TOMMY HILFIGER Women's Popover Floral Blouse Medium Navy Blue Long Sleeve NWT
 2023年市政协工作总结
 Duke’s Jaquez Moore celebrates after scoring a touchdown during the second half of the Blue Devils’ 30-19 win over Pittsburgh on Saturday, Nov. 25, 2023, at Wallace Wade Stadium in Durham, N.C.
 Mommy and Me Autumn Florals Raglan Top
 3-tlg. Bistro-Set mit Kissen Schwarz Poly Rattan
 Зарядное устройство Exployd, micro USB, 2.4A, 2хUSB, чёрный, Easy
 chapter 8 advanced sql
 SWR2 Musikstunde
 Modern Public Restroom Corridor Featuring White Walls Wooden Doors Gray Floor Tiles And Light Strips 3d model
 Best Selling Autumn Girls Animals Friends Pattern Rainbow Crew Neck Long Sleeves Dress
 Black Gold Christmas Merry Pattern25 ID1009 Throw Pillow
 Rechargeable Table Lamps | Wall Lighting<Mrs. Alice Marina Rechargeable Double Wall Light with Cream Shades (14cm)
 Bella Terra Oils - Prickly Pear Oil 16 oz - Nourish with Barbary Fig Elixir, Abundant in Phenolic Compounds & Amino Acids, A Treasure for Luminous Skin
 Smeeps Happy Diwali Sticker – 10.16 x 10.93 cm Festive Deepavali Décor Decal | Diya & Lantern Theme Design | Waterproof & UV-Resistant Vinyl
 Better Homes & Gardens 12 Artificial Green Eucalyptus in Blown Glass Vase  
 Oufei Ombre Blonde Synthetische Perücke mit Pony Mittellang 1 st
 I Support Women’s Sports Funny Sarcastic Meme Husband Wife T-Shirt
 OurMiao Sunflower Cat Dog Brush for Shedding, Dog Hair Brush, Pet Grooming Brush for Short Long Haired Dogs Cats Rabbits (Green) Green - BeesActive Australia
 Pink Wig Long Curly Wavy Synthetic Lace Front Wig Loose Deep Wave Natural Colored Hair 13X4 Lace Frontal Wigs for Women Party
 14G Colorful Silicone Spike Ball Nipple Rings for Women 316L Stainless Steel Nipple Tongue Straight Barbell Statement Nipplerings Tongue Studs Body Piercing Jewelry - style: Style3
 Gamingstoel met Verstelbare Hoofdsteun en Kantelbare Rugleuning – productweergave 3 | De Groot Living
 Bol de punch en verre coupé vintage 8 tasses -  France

------

◆ YOUR TASK: Your answer should be the lines of the records that include the word "Blue".

◆ SOLUTION FOR THIS TASK:
TOMMY HILFIGER Women's Popover Floral Blouse Medium Navy Blue Long Sleeve NWT
 Duke’s Jaquez Moore celebrates after scoring a touchdown during the second half of the Blue Devils’ 30-19 win over Pittsburgh on Saturday, Nov. 25, 2023, at Wallace Wade Stadium in Durham, N.C.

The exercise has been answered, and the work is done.